Given the weaker price action, is now the time to buy OLLI? Find out in our full research report, it’s free.
Why Does OLLI Stock Spark Debate?
Often located in suburban or semi-rural shopping centers, Ollie’s Bargain Outlet is a discount retailer that acquires excess inventory then sells at meaningful discounts.
Two Things to Like:
1. New Stores Opening at Breakneck Speed
A retailer’s store count influences how much it can sell and how quickly revenue can grow.

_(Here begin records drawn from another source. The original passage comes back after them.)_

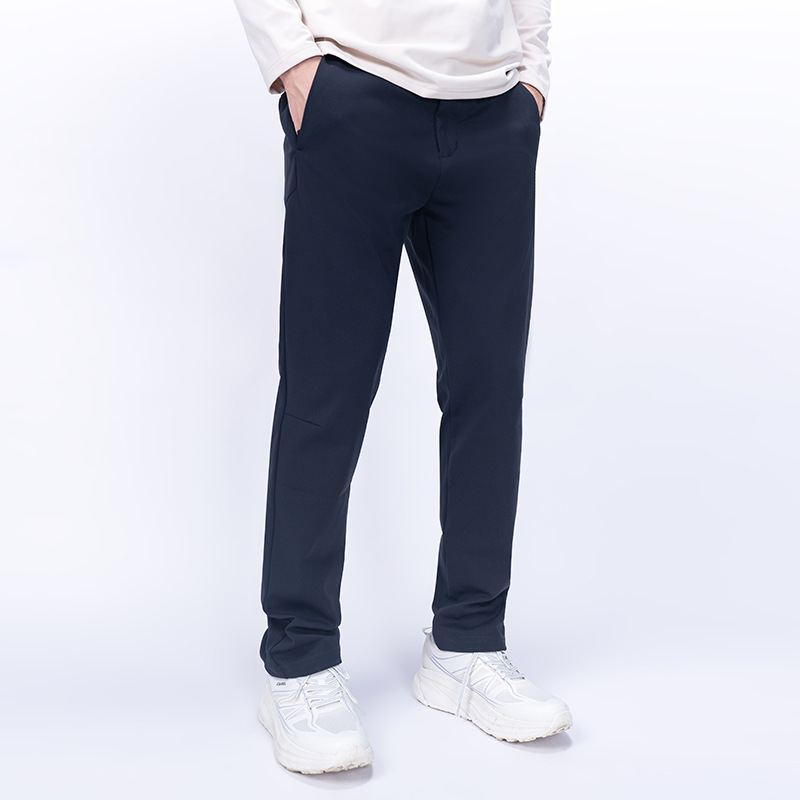 Lulu Style Autumn and Winter Casual Men's Outdoor Running Elastic Zipper Pocket Elastic Waistband Business Commuter Dress Pants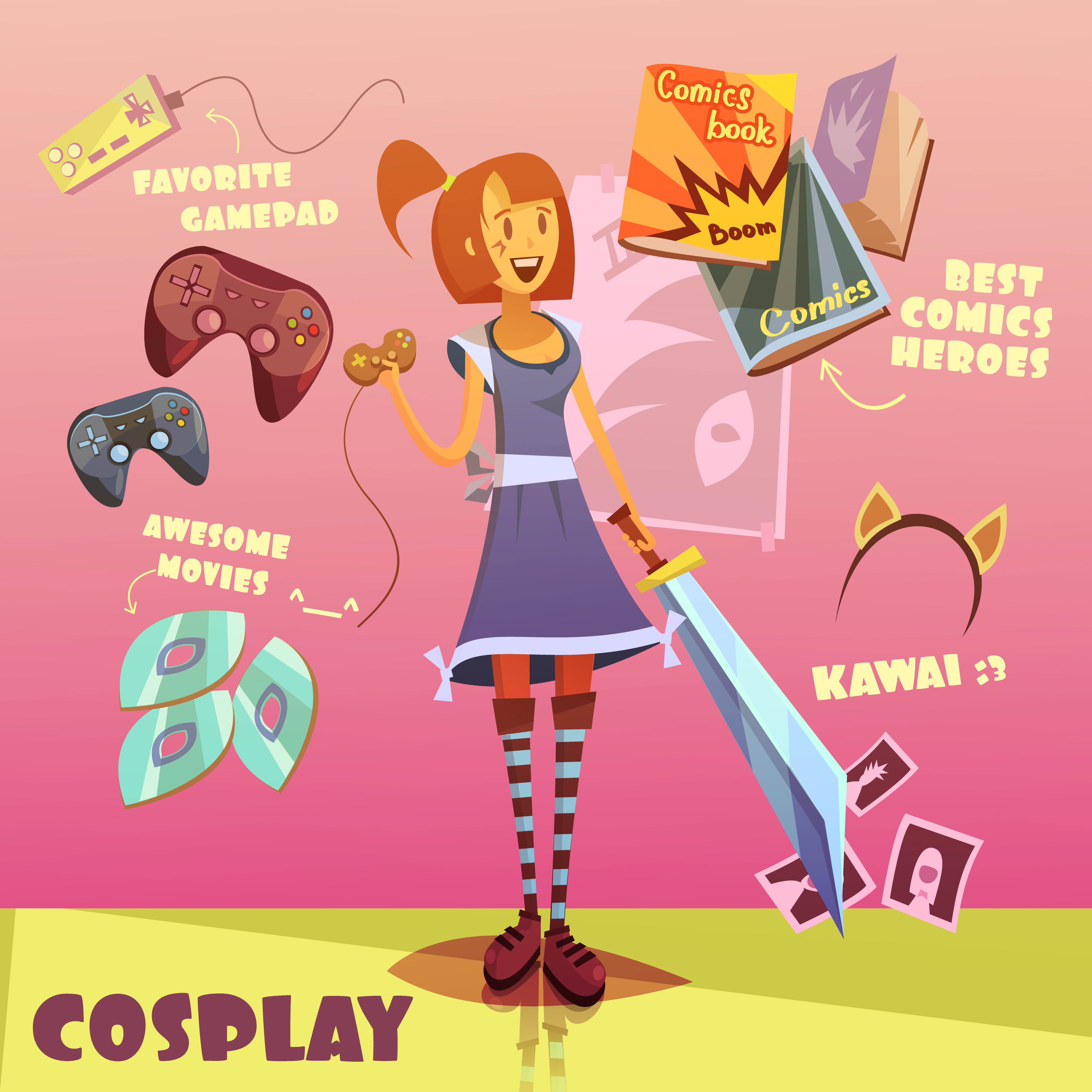 4500x4500 Cosplay Free Vector Art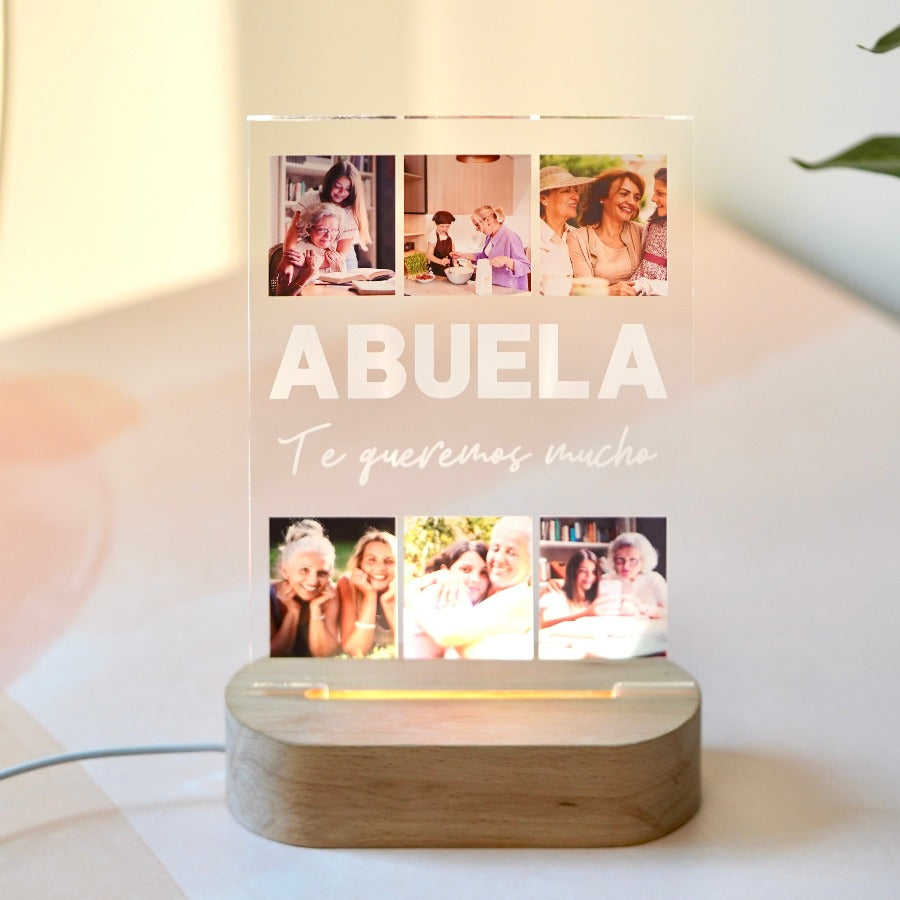 Placa iluminada de madera personalizada con seis fotos, ideal para regalar en el Día de la Madre o cumpleaños de la abuela. Dimensiones: 135x210x3 mm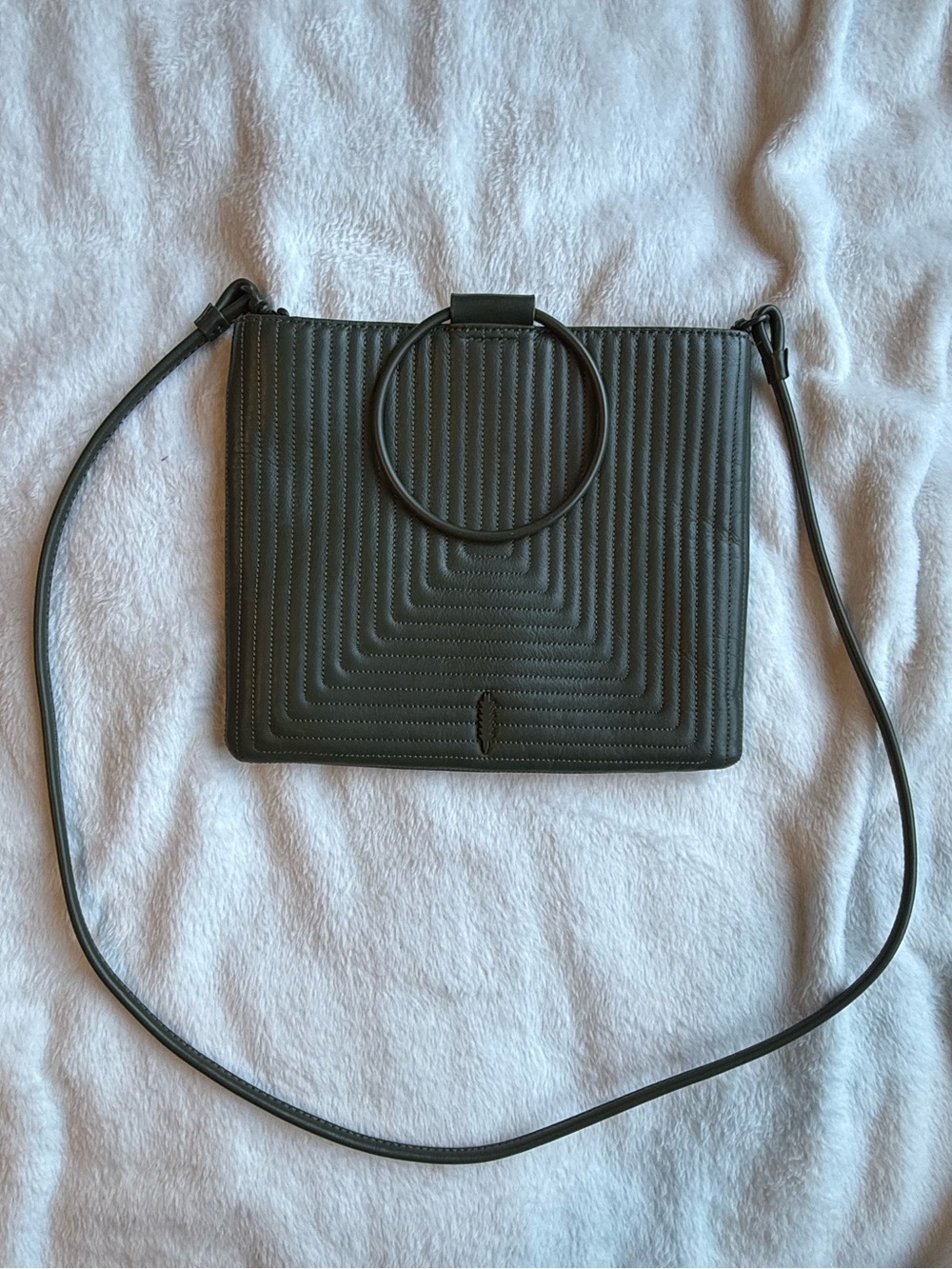 THACKER Olive Leather Le Pouch Crossbody Bag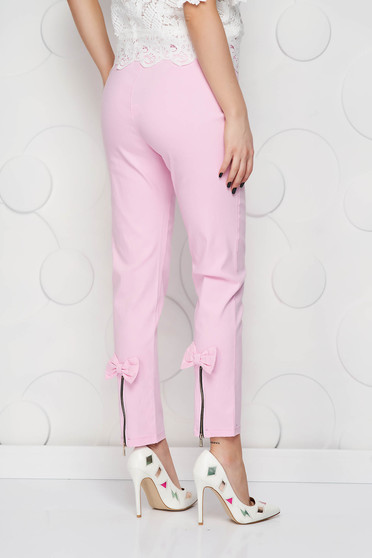 Trousers, Pink trousers high waisted conical from elastic fabric - StarShinerS.com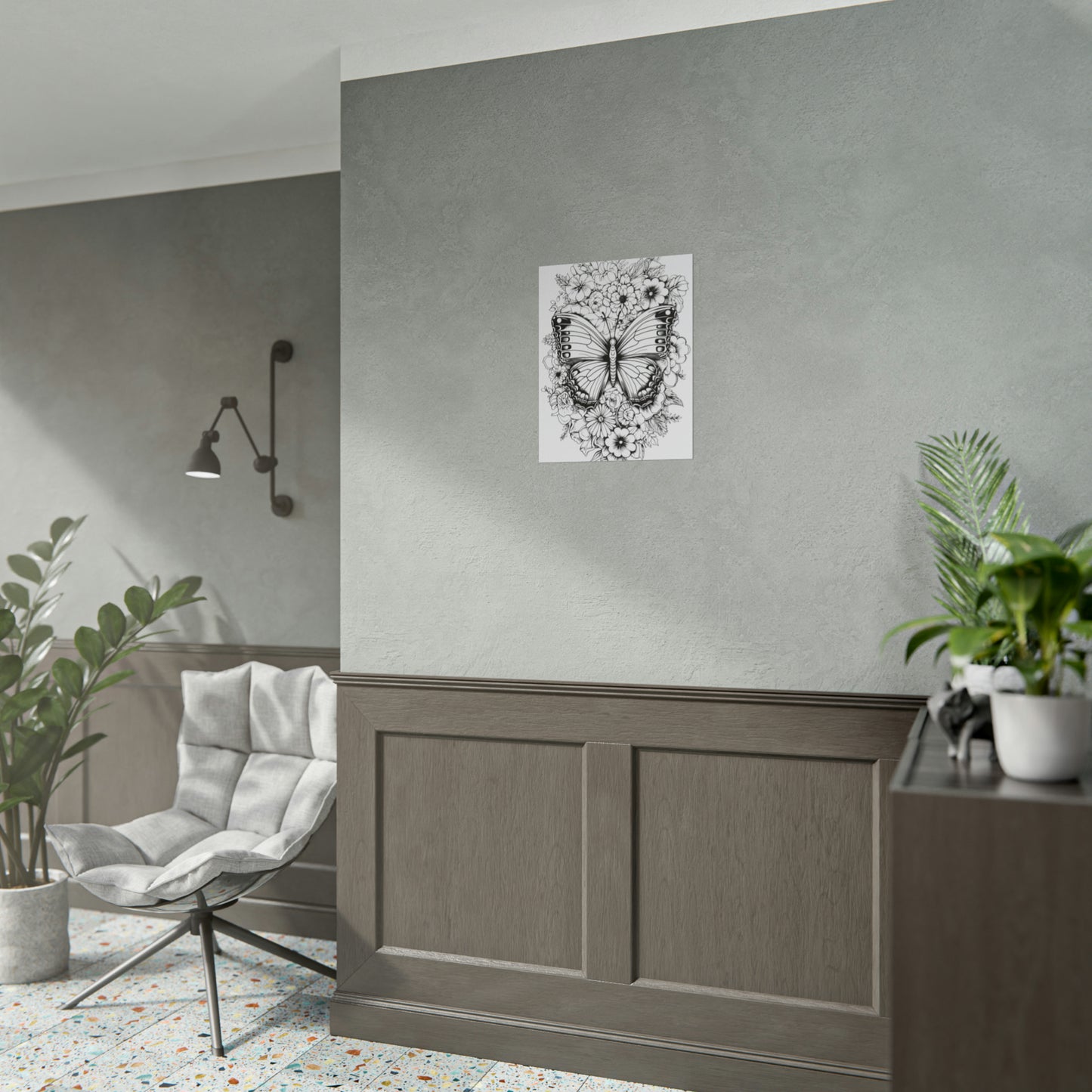 Butterfly Coloring Art Posters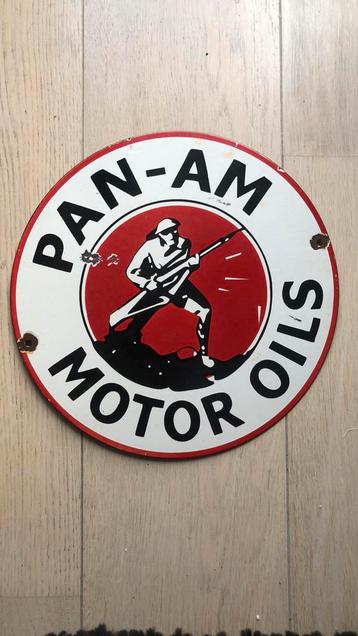 Panneau publicitaire sur les huiles à moteur Pan-Am. Émail., Enlèvement, Comme neuf, Panneau publicitaire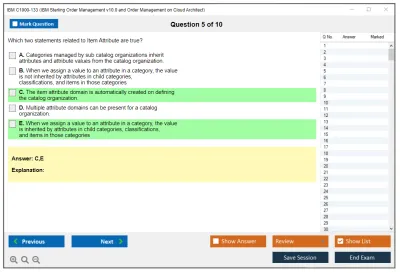 IBM C1000-133 IBM Sterling Order Management v10.0 and Order Management on Cloud Architect Practice test exam simulator test engine exam Prep practice test questions answers Image 5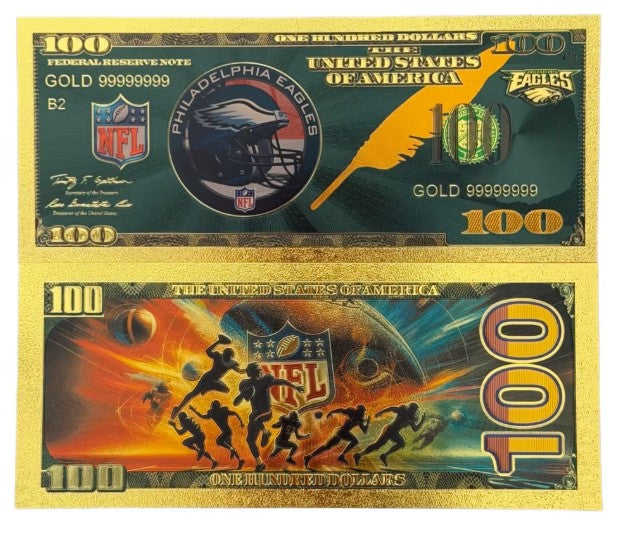 Philadelphia Eagles NFL $100 Gold Banknote front and back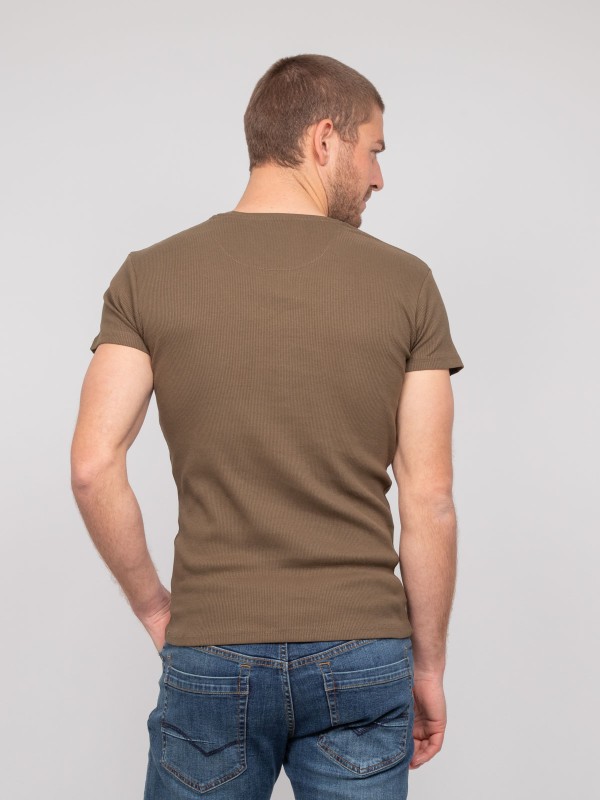 T shirt col V coton cottelé...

Ollie's sported 645 locations in the latest quarter. Over the last two years, it has opened new stores at a rapid clip by averaging 11.5% annual growth, among the fastest in the consumer retail sector. This gives it a chance to scale into a mid-sized business over time.
When a retailer opens new stores, it usually means it’s investing for growth because demand is greater than supply, especially in areas where consumers may not have a store within reasonable driving distance.
2. Surging Same-Store Sales Show Increasing Demand
Same-store sales is a key performance indicator used to measure organic growth at brick-and-mortar shops for at least a year.
Ollie’s demand has been spectacular for a retailer over the last two years. On average, the company has increased its same-store sales by an impressive 3.2% per year.
One Reason to be Careful:
Fewer Distribution Channels Limit its Ceiling
With $2.54 billion in revenue over the past 12 months, Ollie's is a small retailer, which sometimes brings disadvantages compared to larger competitors benefiting from economies of scale and negotiating leverage with suppliers. On the bright side, it can grow faster because it has more white space to build new stores.
Final Judgment
Ollie's has huge potential even though it has some open questions. With the recent decline, the stock trades at 25.8× forward P/E (or $106.81 per share). Is now a good time to buy? See for yourself in our comprehensive research report, it’s free.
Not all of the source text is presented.